● **SUPPLIED DATA**:
_ _ _

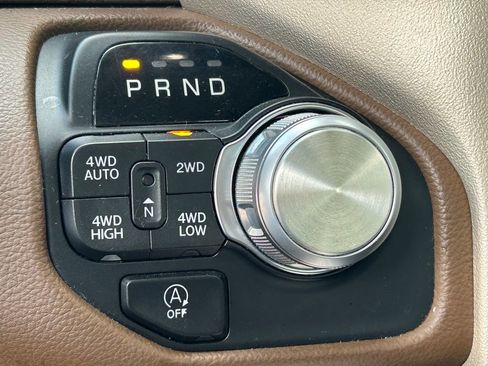 Used 2019 RAM 1500 Laramie image 18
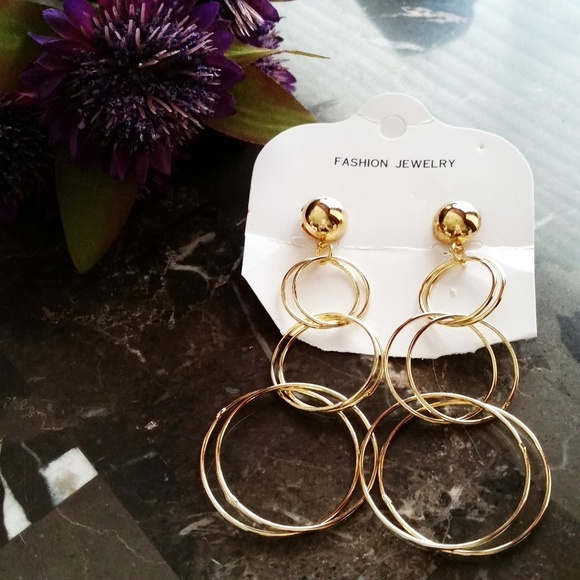Jewelry - Gold tone Hoop Earrings​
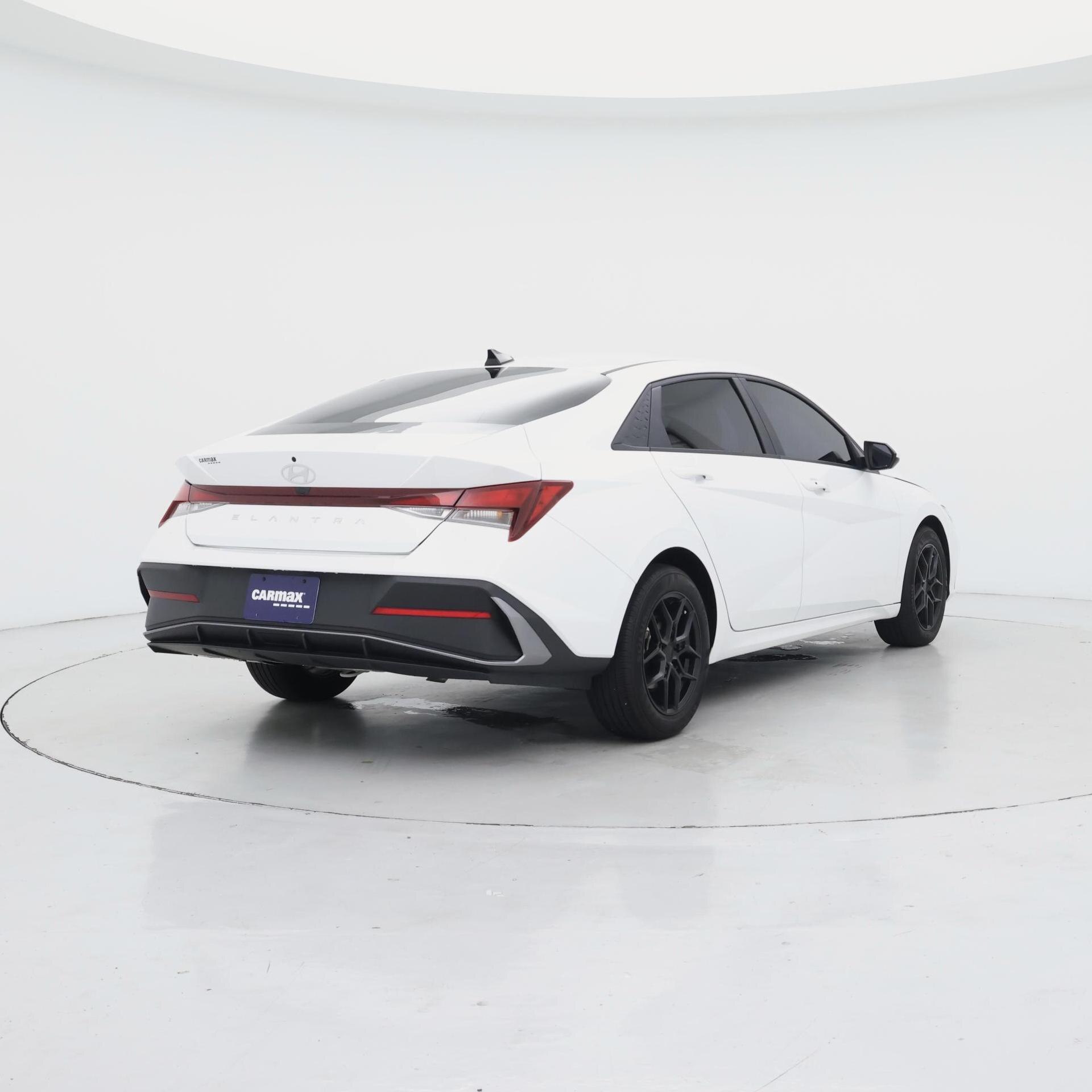 Thumbnail: 2024 Hyundai Elantra - 8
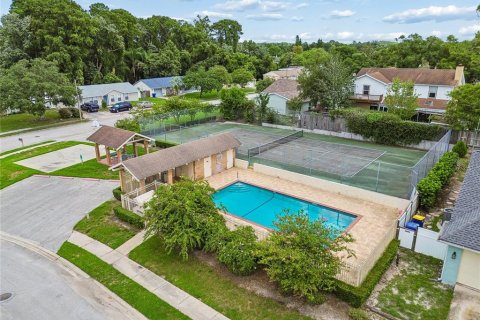 House in New Port Richey, Florida 3 bedrooms, 104.05 sq.m. № 2167374 - photo 25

_ _ _

● **WORK REQUIRED**:
The required answer is the material repeated exactly, with no images in it.

● **ANSWER TO THE PROBLEM**:
 Used 2019 RAM 1500 Laramie image 18
Jewelry - Gold tone Hoop Earrings​
 Thumbnail: 2024 Hyundai Elantra - 8
 House in New Port Richey, Florida 3 bedrooms, 104.05 sq.m. № 2167374 - photo 25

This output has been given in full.